→ What the exercise asks:
In the entries that follow, find the line containing "GIVENCHY ANTIGONA MEDIUM" and the line containing "Trafikmärken som stänger av en väg.", then copy exactly everything from the first through the second except the pictures.

→ Stored data:
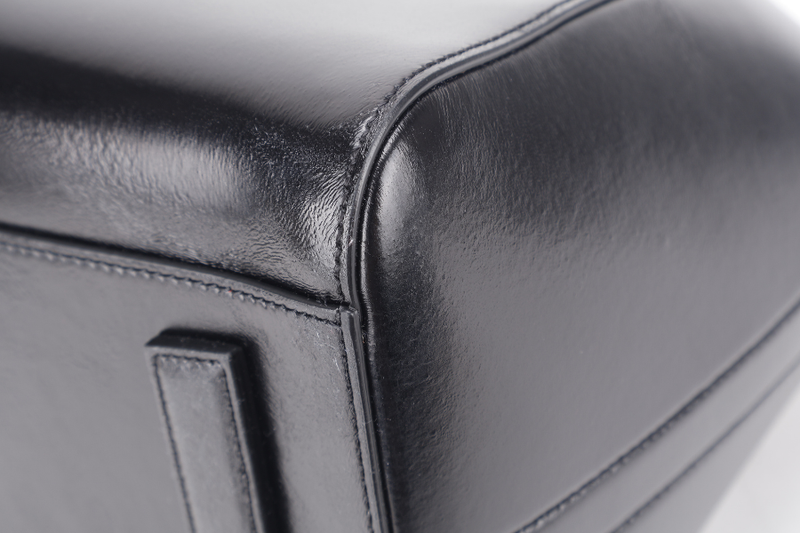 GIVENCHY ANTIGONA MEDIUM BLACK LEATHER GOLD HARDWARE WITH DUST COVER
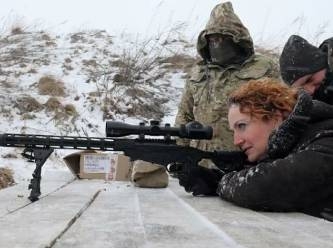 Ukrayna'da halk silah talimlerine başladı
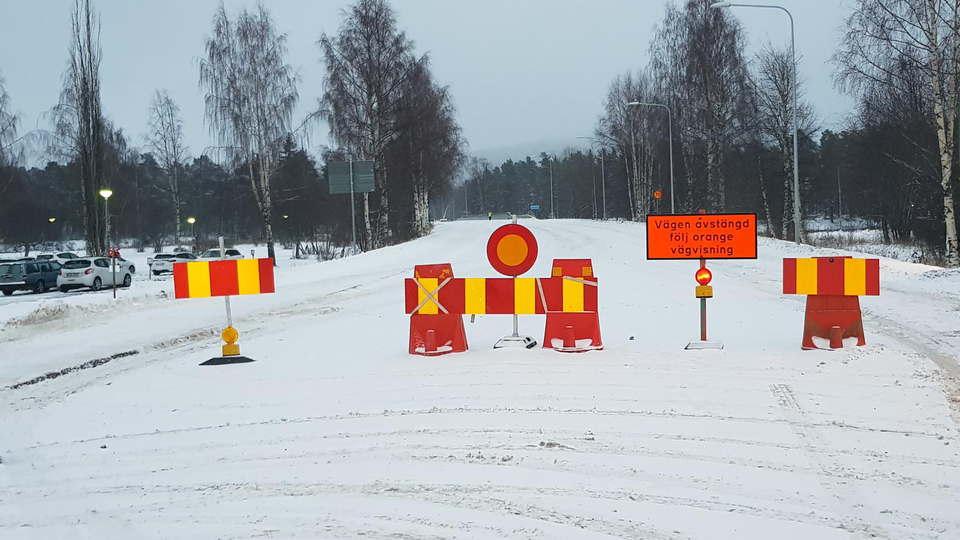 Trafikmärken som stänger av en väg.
...
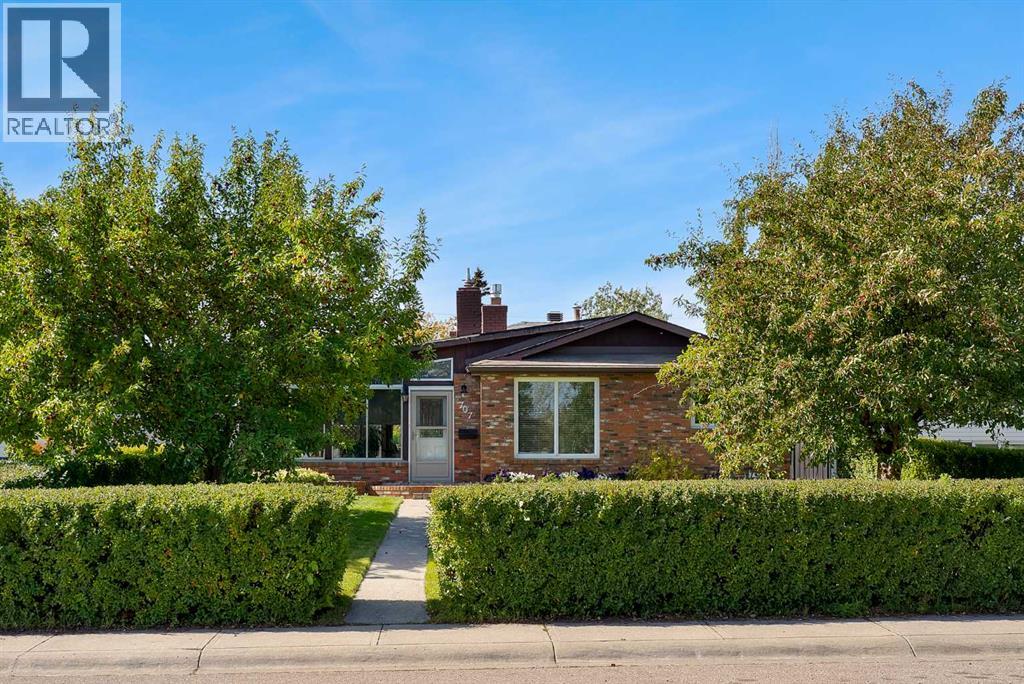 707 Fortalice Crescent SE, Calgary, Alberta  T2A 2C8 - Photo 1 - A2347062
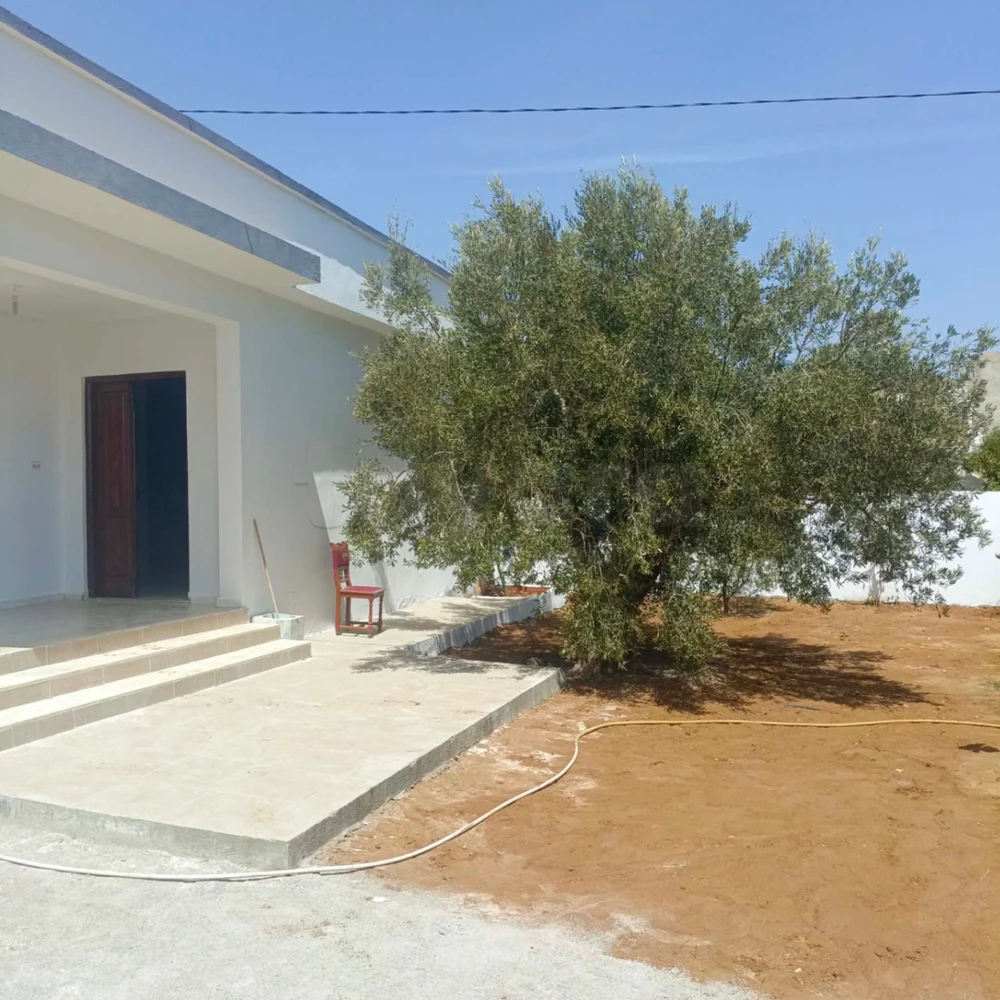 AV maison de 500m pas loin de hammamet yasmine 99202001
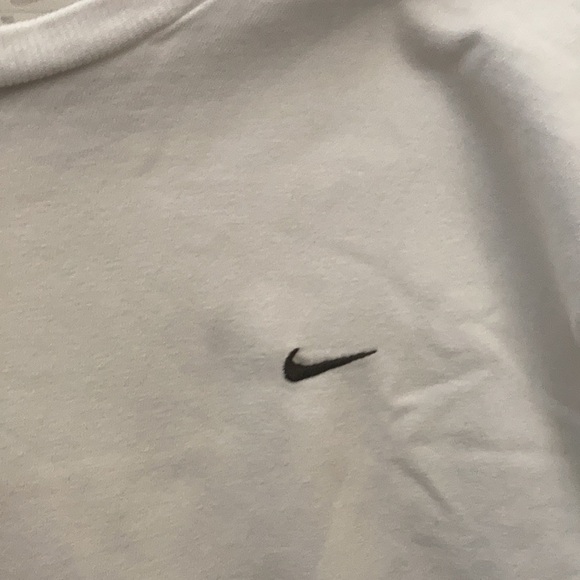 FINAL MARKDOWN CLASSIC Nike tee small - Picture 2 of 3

→ Reply to the exercise:
 GIVENCHY ANTIGONA MEDIUM BLACK LEATHER GOLD HARDWARE WITH DUST COVER
 Ukrayna'da halk silah talimlerine başladı
 Trafikmärken som stänger av en väg.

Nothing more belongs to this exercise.